◆ **WORK INSTRUCTIONS**
Give the data again in full, with every character unchanged.

── TASK INPUT

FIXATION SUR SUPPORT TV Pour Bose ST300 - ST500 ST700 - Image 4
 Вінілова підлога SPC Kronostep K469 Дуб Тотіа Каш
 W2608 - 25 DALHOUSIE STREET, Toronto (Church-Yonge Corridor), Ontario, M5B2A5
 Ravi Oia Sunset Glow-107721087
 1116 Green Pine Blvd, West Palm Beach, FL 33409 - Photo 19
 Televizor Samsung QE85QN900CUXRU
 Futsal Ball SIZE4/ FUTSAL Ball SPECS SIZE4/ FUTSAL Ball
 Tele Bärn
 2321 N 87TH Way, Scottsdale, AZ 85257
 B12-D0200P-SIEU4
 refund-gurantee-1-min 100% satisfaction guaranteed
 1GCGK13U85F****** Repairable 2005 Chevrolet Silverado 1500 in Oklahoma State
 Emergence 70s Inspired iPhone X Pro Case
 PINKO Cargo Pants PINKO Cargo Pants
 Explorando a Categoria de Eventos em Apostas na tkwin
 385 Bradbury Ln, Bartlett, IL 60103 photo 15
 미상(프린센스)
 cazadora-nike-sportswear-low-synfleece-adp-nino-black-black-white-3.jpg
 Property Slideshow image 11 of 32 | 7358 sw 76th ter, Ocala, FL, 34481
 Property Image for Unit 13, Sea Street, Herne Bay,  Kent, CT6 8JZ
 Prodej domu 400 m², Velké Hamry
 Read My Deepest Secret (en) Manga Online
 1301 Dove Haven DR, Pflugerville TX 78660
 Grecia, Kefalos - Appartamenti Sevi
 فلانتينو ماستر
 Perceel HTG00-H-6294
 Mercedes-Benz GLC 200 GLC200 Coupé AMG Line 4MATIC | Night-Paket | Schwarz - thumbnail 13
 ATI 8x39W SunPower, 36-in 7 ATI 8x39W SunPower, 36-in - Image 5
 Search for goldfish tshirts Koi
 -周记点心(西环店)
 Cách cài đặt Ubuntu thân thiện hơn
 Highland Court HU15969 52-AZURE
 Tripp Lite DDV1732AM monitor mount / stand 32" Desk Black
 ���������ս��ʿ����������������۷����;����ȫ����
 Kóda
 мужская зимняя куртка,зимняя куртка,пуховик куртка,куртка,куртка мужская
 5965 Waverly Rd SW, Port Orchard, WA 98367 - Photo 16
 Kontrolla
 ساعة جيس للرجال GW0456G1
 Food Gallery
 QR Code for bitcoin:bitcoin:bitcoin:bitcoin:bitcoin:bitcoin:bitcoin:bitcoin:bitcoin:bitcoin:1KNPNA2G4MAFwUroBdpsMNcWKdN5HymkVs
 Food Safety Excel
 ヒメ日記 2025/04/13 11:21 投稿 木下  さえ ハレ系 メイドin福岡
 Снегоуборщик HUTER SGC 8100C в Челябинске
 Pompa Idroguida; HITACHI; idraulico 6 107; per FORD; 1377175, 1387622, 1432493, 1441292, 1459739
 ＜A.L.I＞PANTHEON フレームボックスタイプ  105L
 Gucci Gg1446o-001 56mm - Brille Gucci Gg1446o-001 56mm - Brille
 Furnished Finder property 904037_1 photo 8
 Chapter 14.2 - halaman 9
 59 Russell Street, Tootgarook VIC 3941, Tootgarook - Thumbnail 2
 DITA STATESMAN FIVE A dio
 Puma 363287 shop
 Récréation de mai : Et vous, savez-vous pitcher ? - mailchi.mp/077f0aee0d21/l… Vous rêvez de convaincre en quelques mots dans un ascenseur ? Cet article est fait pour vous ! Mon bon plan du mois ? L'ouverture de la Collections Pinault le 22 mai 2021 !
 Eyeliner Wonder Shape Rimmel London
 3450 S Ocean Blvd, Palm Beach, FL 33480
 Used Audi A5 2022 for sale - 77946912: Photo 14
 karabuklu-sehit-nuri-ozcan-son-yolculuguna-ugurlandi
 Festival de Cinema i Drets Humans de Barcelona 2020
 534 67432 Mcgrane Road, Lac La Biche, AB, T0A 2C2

────

◆ **OUTPUT BELOW**
FIXATION SUR SUPPORT TV Pour Bose ST300 - ST500 ST700 - Image 4
 Вінілова підлога SPC Kronostep K469 Дуб Тотіа Каш
 W2608 - 25 DALHOUSIE STREET, Toronto (Church-Yonge Corridor), Ontario, M5B2A5
 Ravi Oia Sunset Glow-107721087
 1116 Green Pine Blvd, West Palm Beach, FL 33409 - Photo 19
 Televizor Samsung QE85QN900CUXRU
 Futsal Ball SIZE4/ FUTSAL Ball SPECS SIZE4/ FUTSAL Ball
 Tele Bärn
 2321 N 87TH Way, Scottsdale, AZ 85257
 B12-D0200P-SIEU4
 refund-gurantee-1-min 100% satisfaction guaranteed
 1GCGK13U85F****** Repairable 2005 Chevrolet Silverado 1500 in Oklahoma State
 Emergence 70s Inspired iPhone X Pro Case
 PINKO Cargo Pants PINKO Cargo Pants
 Explorando a Categoria de Eventos em Apostas na tkwin
 385 Bradbury Ln, Bartlett, IL 60103 photo 15
 미상(프린센스)
 cazadora-nike-sportswear-low-synfleece-adp-nino-black-black-white-3.jpg
 Property Slideshow image 11 of 32 | 7358 sw 76th ter, Ocala, FL, 34481
 Property Image for Unit 13, Sea Street, Herne Bay,  Kent, CT6 8JZ
 Prodej domu 400 m², Velké Hamry
 Read My Deepest Secret (en) Manga Online
 1301 Dove Haven DR, Pflugerville TX 78660
 Grecia, Kefalos - Appartamenti Sevi
 فلانتينو ماستر
 Perceel HTG00-H-6294
 Mercedes-Benz GLC 200 GLC200 Coupé AMG Line 4MATIC | Night-Paket | Schwarz - thumbnail 13
 ATI 8x39W SunPower, 36-in 7 ATI 8x39W SunPower, 36-in - Image 5
 Search for goldfish tshirts Koi
 -周记点心(西环店)
 Cách cài đặt Ubuntu thân thiện hơn
 Highland Court HU15969 52-AZURE
 Tripp Lite DDV1732AM monitor mount / stand 32" Desk Black
 ���������ս��ʿ����������������۷����;����ȫ����
 Kóda
 мужская зимняя куртка,зимняя куртка,пуховик куртка,куртка,куртка мужская
 5965 Waverly Rd SW, Port Orchard, WA 98367 - Photo 16
 Kontrolla
 ساعة جيس للرجال GW0456G1
 Food Gallery
 QR Code for bitcoin:bitcoin:bitcoin:bitcoin:bitcoin:bitcoin:bitcoin:bitcoin:bitcoin:bitcoin:1KNPNA2G4MAFwUroBdpsMNcWKdN5HymkVs
 Food Safety Excel
 ヒメ日記 2025/04/13 11:21 投稿 木下  さえ ハレ系 メイドin福岡
 Снегоуборщик HUTER SGC 8100C в Челябинске
 Pompa Idroguida; HITACHI; idraulico 6 107; per FORD; 1377175, 1387622, 1432493, 1441292, 1459739
 ＜A.L.I＞PANTHEON フレームボックスタイプ  105L
 Gucci Gg1446o-001 56mm - Brille Gucci Gg1446o-001 56mm - Brille
 Furnished Finder property 904037_1 photo 8
 Chapter 14.2 - halaman 9
 59 Russell Street, Tootgarook VIC 3941, Tootgarook - Thumbnail 2
 DITA STATESMAN FIVE A dio
 Puma 363287 shop
 Récréation de mai : Et vous, savez-vous pitcher ? - mailchi.mp/077f0aee0d21/l… Vous rêvez de convaincre en quelques mots dans un ascenseur ? Cet article est fait pour vous ! Mon bon plan du mois ? L'ouverture de la Collections Pinault le 22 mai 2021 !
 Eyeliner Wonder Shape Rimmel London
 3450 S Ocean Blvd, Palm Beach, FL 33480
 Used Audi A5 2022 for sale - 77946912: Photo 14
 karabuklu-sehit-nuri-ozcan-son-yolculuguna-ugurlandi
 Festival de Cinema i Drets Humans de Barcelona 2020
 534 67432 Mcgrane Road, Lac La Biche, AB, T0A 2C2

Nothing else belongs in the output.